Terrorism and unintended consequences
A new U.S. law intended to combat terrorism by providing more regulatory control over imported food and beverages may place an unanticipated chokehold on fine-wine imports, especially those by smaller importers that handle the wines of artisanal producers.
Like many laws passed in the aftermath of the terrorist attacks on Sept. 11, 2001, a portion of the Public Health Security and Bioterrorism Preparedness and Response Act of 2002 is intended to protect against terrorism by keeping an official eye on incoming cargo shipments.
But also like so much in the world of legislation, complex regulations, quickly drafted, can have unintended consequences.
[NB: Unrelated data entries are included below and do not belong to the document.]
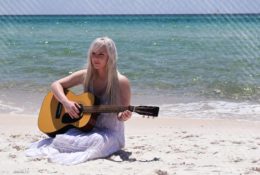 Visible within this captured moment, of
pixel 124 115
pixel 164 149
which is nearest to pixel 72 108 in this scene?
pixel 124 115

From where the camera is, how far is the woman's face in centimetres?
431

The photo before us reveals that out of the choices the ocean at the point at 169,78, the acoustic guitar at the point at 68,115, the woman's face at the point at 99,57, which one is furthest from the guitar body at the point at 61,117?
the ocean at the point at 169,78

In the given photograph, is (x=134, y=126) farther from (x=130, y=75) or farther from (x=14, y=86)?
(x=130, y=75)

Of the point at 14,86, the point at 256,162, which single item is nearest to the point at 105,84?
the point at 256,162

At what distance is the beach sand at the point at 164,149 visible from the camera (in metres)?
3.99

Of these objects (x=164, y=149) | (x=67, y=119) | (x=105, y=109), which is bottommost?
(x=164, y=149)

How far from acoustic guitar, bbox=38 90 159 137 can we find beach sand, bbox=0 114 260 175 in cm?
33

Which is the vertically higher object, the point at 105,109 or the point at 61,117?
the point at 105,109

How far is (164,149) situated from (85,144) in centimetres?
82

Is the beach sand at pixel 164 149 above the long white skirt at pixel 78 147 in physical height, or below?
below

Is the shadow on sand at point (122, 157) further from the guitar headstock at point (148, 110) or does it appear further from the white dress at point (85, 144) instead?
the guitar headstock at point (148, 110)

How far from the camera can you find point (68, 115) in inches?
175

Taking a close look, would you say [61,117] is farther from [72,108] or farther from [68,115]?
[72,108]

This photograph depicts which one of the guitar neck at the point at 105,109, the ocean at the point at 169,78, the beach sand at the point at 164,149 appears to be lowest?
the ocean at the point at 169,78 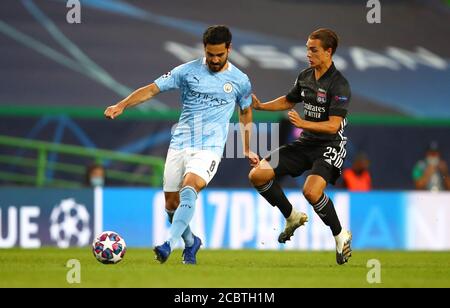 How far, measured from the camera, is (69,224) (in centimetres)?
1648

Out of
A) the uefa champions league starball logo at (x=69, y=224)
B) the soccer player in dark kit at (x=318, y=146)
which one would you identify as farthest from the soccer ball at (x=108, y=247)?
the uefa champions league starball logo at (x=69, y=224)

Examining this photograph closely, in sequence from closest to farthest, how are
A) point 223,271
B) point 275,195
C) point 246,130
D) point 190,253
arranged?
point 223,271, point 190,253, point 246,130, point 275,195

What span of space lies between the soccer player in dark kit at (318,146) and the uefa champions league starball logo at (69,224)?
525 cm

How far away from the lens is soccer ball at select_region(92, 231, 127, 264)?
10852mm

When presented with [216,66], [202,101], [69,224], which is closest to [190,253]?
[202,101]

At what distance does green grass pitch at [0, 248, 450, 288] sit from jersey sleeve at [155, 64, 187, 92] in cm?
169

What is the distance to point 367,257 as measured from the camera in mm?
13758

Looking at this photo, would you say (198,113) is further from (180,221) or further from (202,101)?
(180,221)

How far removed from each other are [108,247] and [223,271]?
3.85ft

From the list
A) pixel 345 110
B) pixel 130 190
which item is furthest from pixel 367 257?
pixel 130 190

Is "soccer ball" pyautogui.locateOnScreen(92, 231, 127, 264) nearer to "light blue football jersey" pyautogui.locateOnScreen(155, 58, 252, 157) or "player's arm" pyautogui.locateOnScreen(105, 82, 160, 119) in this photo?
"light blue football jersey" pyautogui.locateOnScreen(155, 58, 252, 157)

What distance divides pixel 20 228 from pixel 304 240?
4108mm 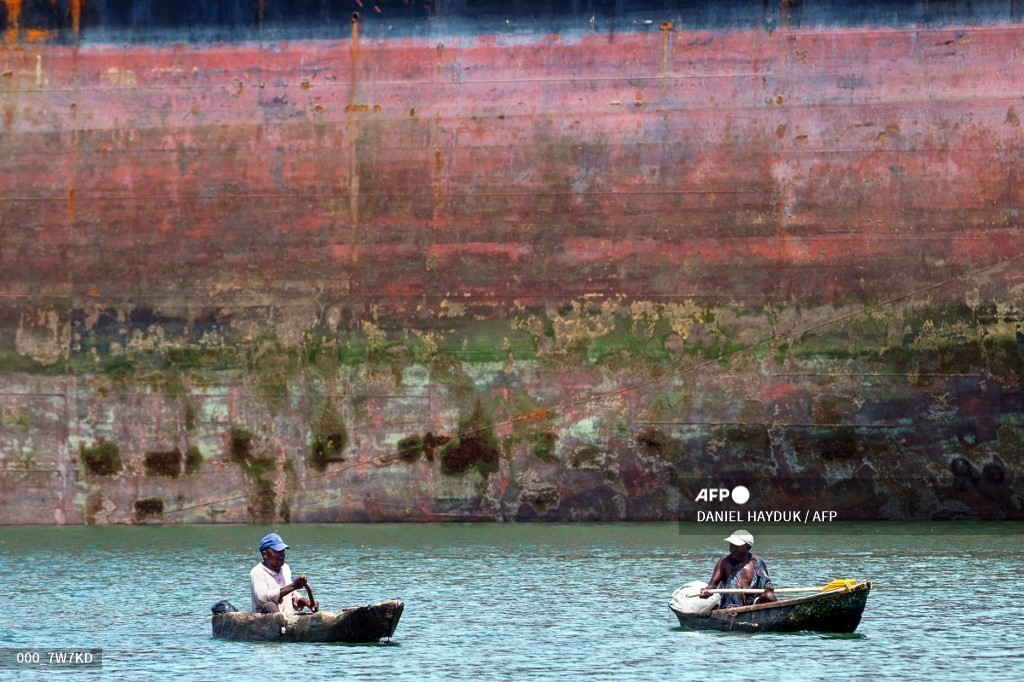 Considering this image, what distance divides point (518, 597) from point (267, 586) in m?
3.94

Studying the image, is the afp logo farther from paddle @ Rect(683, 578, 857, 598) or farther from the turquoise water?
paddle @ Rect(683, 578, 857, 598)

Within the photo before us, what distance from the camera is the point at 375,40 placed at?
24766 millimetres

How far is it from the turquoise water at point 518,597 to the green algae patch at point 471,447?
2.91 ft

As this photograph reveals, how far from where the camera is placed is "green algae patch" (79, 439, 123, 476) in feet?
81.3

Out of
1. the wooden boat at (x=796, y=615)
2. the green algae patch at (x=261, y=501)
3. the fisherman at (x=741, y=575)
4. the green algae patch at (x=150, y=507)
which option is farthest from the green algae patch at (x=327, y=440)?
the fisherman at (x=741, y=575)

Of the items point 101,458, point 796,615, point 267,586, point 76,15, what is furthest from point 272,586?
point 76,15

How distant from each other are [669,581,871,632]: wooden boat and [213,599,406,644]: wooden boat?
2.86 m

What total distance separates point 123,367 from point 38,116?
367cm

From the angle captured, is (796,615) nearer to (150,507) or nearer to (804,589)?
(804,589)

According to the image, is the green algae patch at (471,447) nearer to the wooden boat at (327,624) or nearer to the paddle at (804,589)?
the paddle at (804,589)

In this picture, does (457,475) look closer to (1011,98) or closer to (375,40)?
(375,40)

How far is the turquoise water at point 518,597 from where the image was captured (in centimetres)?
1593

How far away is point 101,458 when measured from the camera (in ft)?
81.4

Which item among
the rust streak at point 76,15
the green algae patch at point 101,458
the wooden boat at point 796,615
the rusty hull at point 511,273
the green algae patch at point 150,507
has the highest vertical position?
the rust streak at point 76,15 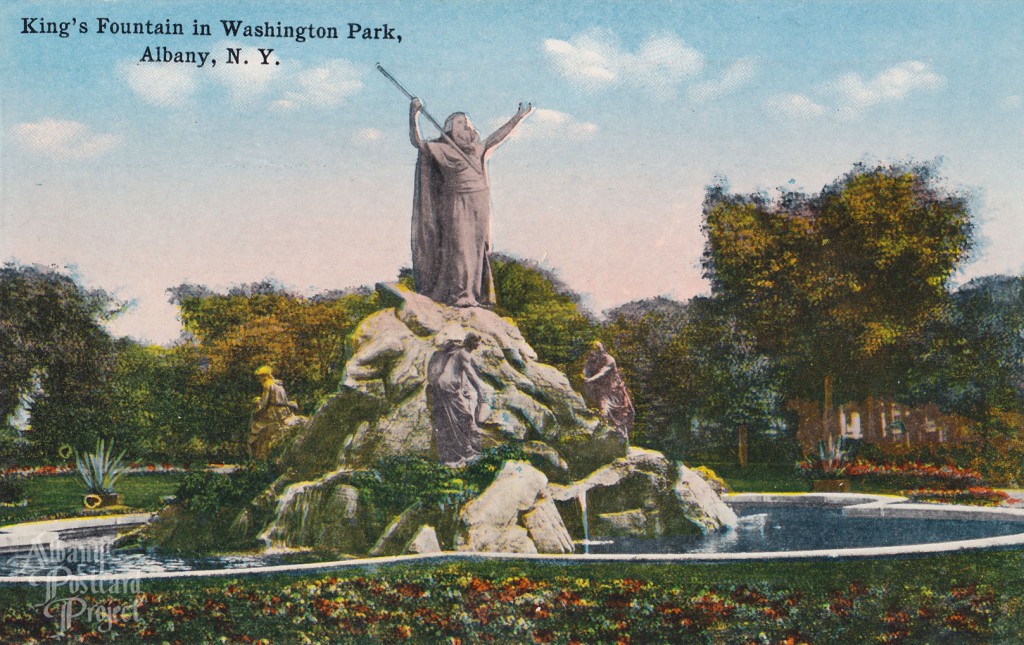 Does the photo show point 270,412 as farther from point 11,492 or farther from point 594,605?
point 594,605

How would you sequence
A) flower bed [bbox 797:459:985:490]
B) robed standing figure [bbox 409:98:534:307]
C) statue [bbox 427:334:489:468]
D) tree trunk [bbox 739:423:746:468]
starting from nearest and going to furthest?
1. statue [bbox 427:334:489:468]
2. robed standing figure [bbox 409:98:534:307]
3. flower bed [bbox 797:459:985:490]
4. tree trunk [bbox 739:423:746:468]

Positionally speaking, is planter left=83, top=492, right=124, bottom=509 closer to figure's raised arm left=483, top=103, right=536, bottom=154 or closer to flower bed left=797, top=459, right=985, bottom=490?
figure's raised arm left=483, top=103, right=536, bottom=154

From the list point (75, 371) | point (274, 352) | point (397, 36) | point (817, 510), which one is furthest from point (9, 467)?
point (817, 510)

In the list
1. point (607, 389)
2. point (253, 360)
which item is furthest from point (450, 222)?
point (253, 360)

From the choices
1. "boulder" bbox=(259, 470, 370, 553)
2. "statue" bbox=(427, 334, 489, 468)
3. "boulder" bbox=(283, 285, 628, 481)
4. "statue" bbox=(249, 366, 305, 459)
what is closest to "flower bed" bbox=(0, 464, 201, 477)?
"statue" bbox=(249, 366, 305, 459)

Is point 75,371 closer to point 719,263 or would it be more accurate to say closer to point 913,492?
point 719,263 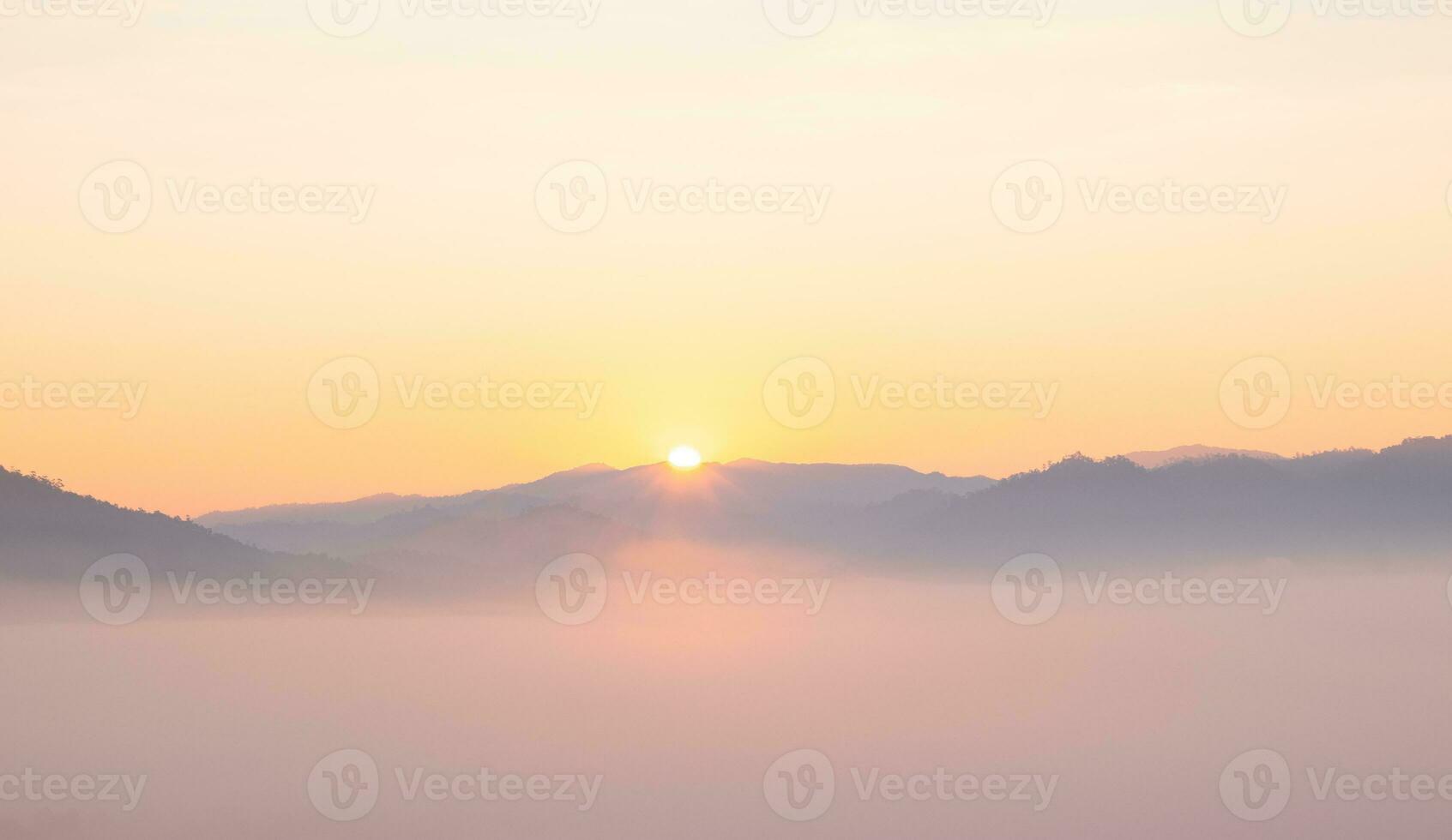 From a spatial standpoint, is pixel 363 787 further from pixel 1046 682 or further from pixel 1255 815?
pixel 1046 682

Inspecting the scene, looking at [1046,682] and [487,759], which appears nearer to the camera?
[487,759]

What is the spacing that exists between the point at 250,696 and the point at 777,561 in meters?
112

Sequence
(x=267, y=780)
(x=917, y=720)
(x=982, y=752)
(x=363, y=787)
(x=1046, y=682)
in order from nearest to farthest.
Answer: (x=363, y=787)
(x=267, y=780)
(x=982, y=752)
(x=917, y=720)
(x=1046, y=682)

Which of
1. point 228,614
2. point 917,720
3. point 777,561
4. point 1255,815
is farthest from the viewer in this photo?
point 777,561

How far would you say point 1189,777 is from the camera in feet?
219


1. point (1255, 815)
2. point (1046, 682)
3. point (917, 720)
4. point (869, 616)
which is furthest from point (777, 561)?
point (1255, 815)

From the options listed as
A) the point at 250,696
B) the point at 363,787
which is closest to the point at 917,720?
the point at 250,696

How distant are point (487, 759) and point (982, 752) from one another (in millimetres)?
29698

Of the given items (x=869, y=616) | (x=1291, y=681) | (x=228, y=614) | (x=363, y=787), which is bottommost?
(x=363, y=787)

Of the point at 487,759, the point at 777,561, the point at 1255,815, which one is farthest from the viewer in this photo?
the point at 777,561

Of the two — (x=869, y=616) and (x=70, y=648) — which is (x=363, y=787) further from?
(x=869, y=616)

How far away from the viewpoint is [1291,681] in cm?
9319

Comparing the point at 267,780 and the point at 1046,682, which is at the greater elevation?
the point at 1046,682

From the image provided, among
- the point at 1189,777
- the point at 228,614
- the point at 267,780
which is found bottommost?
the point at 267,780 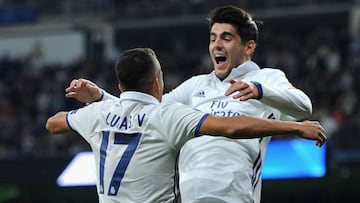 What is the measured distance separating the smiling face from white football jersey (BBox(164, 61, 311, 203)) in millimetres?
49

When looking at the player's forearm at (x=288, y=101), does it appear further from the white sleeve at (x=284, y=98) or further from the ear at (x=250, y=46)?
the ear at (x=250, y=46)

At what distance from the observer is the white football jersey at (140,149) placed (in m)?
5.57

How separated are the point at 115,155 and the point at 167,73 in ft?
60.0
Some wine-business insiders fear that provisions of this Act may cause serious problems for small businesses that import wines ... and for the wine lovers who buy them.
The problem, experts say, lies in the detailed and precise level of recording and reporting that the Act will require. Beginning in December, food-and-beverage importers and manufacturers (including wineries) that import food or beverages must register with the U.S. Food and Drug Administration (FDA) and provide FDA with detailed records outlining the source and shipment information of all imports.
Importers will be required to inform FDA exactly when a shipment is due to arrive in port - and they must do so on a precise schedule, no more than five days and not less than eight hours before the shipment arrives.
Large importers may not find these requirements onerous, writer Adam Lechmere reported in the British wine journal Decanter this week from VinExpo in Bordeaux. But, he said, "commentators are sure that it will make it more difficult for the smaller wineries to export to the U.S."
John Hinman, a lawyer with expertise in the wine industry, told Decanter.com, "The onus is on the wineries to comply. Small wineries may well say it's not worth the hassle to fill in all the forms – assuming they understand what they have to do and get notice of it."
One industry source called the Act "extreme," categorizing it as a classic non-tariff barrier to trade. "There is a certain xenophobia operating within the United States, and this is just a part of it," this source told Decanter.com.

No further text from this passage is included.